Эта пауза в салоне, полная тишина.

Чужой фон плющил, сминал изнутри – я на это плевала. Сейчас я отсекла все лишнее, даже если это лишнее влияло на мою физическую оболочку.

– Я не человек, – ответ без эмоций.

– Мне все равно.

Сейчас я напоминала себе героиню фильма, у которой, наконец, появилась в жизни цель, и, значит, миссия. Стрелка компаса в пустой до того коробочке, и стрелка эта указывала на мужчину слева.

– У тебя стресс.

Он имел в виду тот факт, что туман, клубящийся вокруг, и то, что мы только что катили черт знает через что, повлияло на мое сознание.

– Это не стресс.

Ну уж нет, мою стрелку теперь не сдвинут с верного курса и магнитные горы. Надо же, сколько лет я бродила по Уровням в поисках своего человека, а нашла его в критический момент жизни, во время перемещения в иной мир.

– Ты знаешь, о чем я говорю. Внутри. Ты это чувствуешь.

Пусть мы пока разные, пусть я еще не привыкла к этому слишком прямому взгляду в самую душу, пусть мне пока хочется сложиться перед ним карточным домиком – это все равно он. Мой. Мой. Мой.

Водитель молчал – самый знаковый момент моей жизни, когда за окном сплошная серость. Когда мы сами в «ничто».

– Возьми меня за руку, – попросила тихо.

Тишина.

У него был странный взгляд с примесью теплого цинизма. Взгляд очень уверенного в себе человека, и еще уверенного в том, что сбоев у системы его жизни не бывает.

Но они бывают.

– Хочешь умереть?

– Я не умру. – Да, наверное, будет неприятно, но я с детства отличалась чрезвычайной «проводимостью» для человека, могла терпеть малые токи. – Возьми.

Раскрыла лежащую на своем колене ладонь.

Прежде чем сделать это, он долго думал. И, в конце концов, протянул, накрыл своими пальцами мои.

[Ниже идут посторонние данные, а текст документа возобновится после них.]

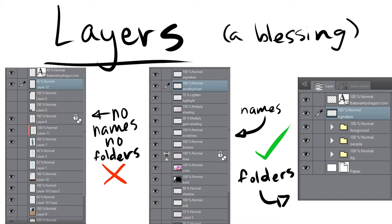We have layers. There are two kinds of ways you can go. You can do what I usually do, which is a bad idea — not name anything, never use folders, and struggle for the rest of your life. Don't do that. Or you can use names and folders, which makes everything so much easier, because then you don't have to check every single layer to find the right one. Layers are super helpful because you can mess around with different parts of the drawing and do overlays, but you've got to use them the right way.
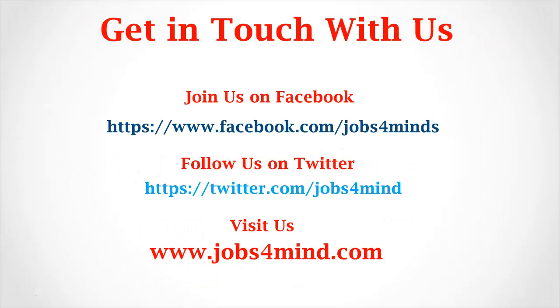Get in Touch with Us. Join Us on Facebook. Follow Us on Twitter. You May Visit Us at www.jobs4mind.com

Меня прошило разрядом, и совсем не слабым. Треск через каждую клетку тела – это неприятно, сразу затошнило, замутило, но я задвинула ненужные побочные эффекты прочь. Ощутила другое – связь между нами. Ту самую, которой так же, как и мне, не важны «мелкие» различия – строения, формы и формулы. Убедилась в главном: с ним хочу быть где угодно, до конца. Да, наверное, мне всегда будет хотеться падать перед ним на колени: представитель чужой расы давил своим фоном и отношением так, что лицом сразу в пол, но… И это самое НО разрушало все преграды.

Он убрал руку до того, как у меня начало меркнуть сознание. Смотрел долго, и я впервые уловила во взгляде напротив что-то новое. Тень удивления. Попытку приложить некую абсурдную теорию на мир из давно ужившихся между собой убеждений. Инакомыслие. Пусть пока еще чрезвычайно слабое, но уже забившуюся в шестеренки песчинку. И если он, привыкший к отсутствию эмоций, сможет ее перемолоть, то я – никогда.

– Ты везешь в другой мир свою женщину. – Я совершенно некстати рассмеялась; туман за окнами, отозвавшись, колыхнулся.

– Сумасшедшая. Человеческая. Девчонка.

Прозвучало ровно. Цинично. Холодно. И совсем чуть-чуть тепло.

Руки на руль, взгляд на дорогу; машина снова тронулась.

Мне было плевать на то, что он не верил. Я была счастлива оттого, что в нас верила я.

Наверное, мы ехали всю ночь, так мне казалось. Невозможно определить время, когда нет ни неба, ни солнца. Шок от прикосновения (жаль, я пока слабовата, но это изменится) повлиял на уставший разум пагубно – я уснула.

Проснулась тогда, когда седан уже стоял в туманном лесу моей родной планеты. Не знаю, как я узнала, почувствовала – это Земля. Другой запах, другой воздух, другая атмосфера, после Уровней отличия налицо.

И встрепенулась. Мало времени, очень мало времени, чтобы сказать главное…

– Не стирай мне память, – попросила сразу. Наверное, у него приказ, ведь так было бы правильно, так нужно сделать.

– Выходи из машины, – прозвучало ровно.

А выходить нельзя, ведь он просто уедет, я не успею…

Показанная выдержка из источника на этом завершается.